Si antes los cargos se repartían entre partidos, ahora debe prevalecer la cultura del mérito. La justicia no puede seguir siendo botín ni vitrina. Debe ser escuela, vocación y servicio. La independencia no se decreta; se construye con conocimiento, integridad y responsabilidad. Solo así el cambio dejará de ser una rotación de nombres para convertirse en una transformación real del sistema judicial mexicano.
En Jalisco, la reforma judicial aún no se ha concretado. Permanece en pausa en el Congreso local, detenida por intereses políticos y cálculos partidistas. Su objetivo original era armonizar el marco local con la Constitución Política de los Estados Unidos Mexicanos, fortaleciendo la independencia de los jueces y creando mecanismos de evaluación y rendición de cuentas más transparentes. Sin embargo, la falta de consenso político ha generado una parálisis jurídica que afecta directamente a los justiciables. La ausencia de una reforma integral impide modernizar los procesos, homologar estándares nacionales y garantizar un sistema judicial alineado con el nuevo modelo federal.
El poder invisible de los jueces debe ir acompañado de un poder visible de la ciudadanía informada.
La justicia no puede ser democrática si el pueblo desconoce su funcionamiento. El poder invisible de los jueces debe ir acompañado de un poder visible de la ciudadanía informada. Educar en derechos humanos, promover la cultura jurídica desde la escuela básica y fomentar el acceso público a sentencias son pasos indispensables para reducir esta brecha.
La justicia no puede reducirse a un conjunto de instituciones; es una práctica ética colectiva. Cada ciudadano tiene la responsabilidad de exigir legalidad y rendición de cuentas. Denunciar irregularidades no debe hacerse en redes sociales —donde el escándalo sustituye al procedimiento—, sino por las vías institucionales correctas.
Cuando un juez falla con apego al derecho, aunque la resolución sea impopular, contribuye a la estabilidad del sistema. Cuando cede a la presión política o mediática, debilita la credibilidad de todo el aparato judicial.
La justicia es el poder que no busca aplausos, pero sin ella no hay república posible. El desafío de nuestro tiempo no es solo reformar instituciones, sino reconstruir la confianza.
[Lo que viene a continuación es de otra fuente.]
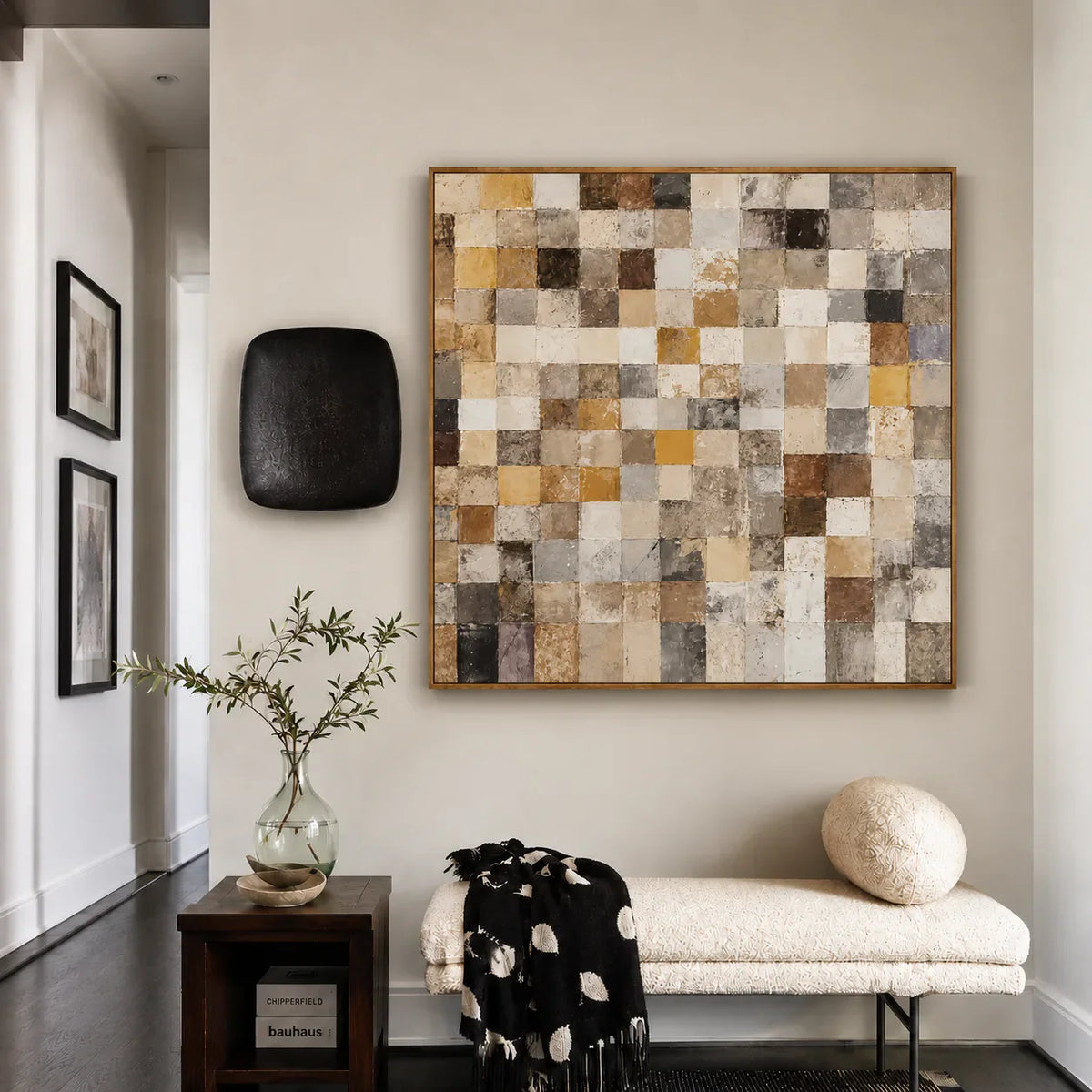 Warm Ochre and Stone Checkerboard Wall Art styled interior scene 3 | Olyrel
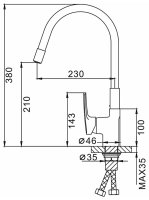 Смеситель для кухни FRAP H53 F4453-03 с гибким изливом, белый
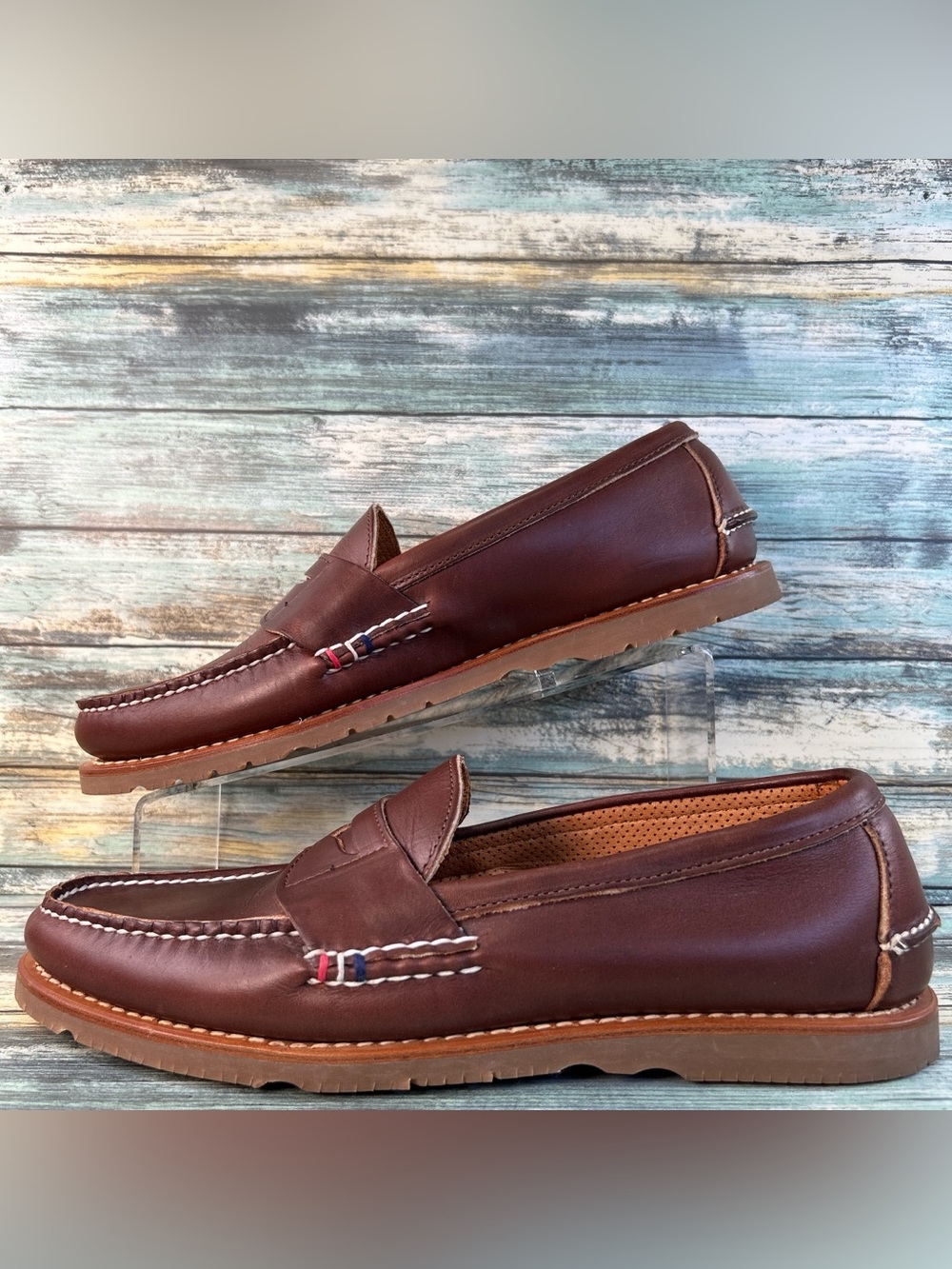 Sperry Gold Cup Made In Maine Penny Loafer Size 11D Brown Leather Vibram Soles - Picture 4 of 13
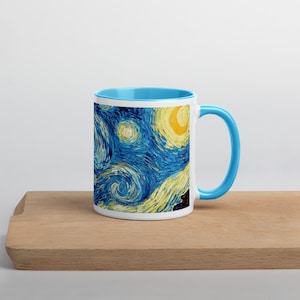 Vincent Van Gogh Fine Art &quot;Starry Night&quot;  Mug with Color Inside, Van Gogh Starry Night Mug, Starry Night Mug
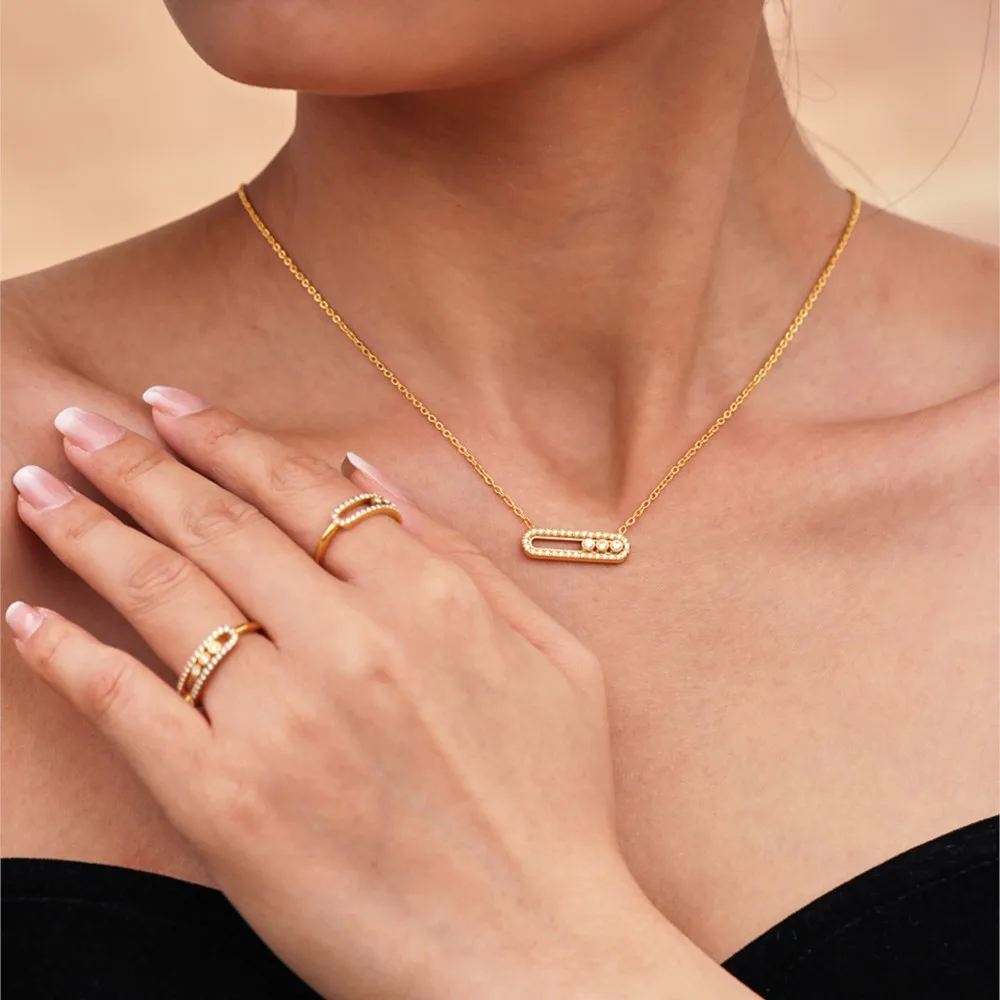 Tiny Chain Necklace for Women 18k Gold Plated Stainless Steel Necklace Dainty Zircon Pendant Necklaces Matching Ring Jewelry Set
La justicia debe recuperar su lugar como árbitro imparcial, no como instrumento político ni espectáculo público.
El poder invisible de la justicia se siente en cada acto donde la legalidad vence al abuso. Hacerlo visible no significa politizarlo, sino defenderlo. Solo así podremos decir, con pleno sentido, que en México la justicia no solo se promete: se cumple.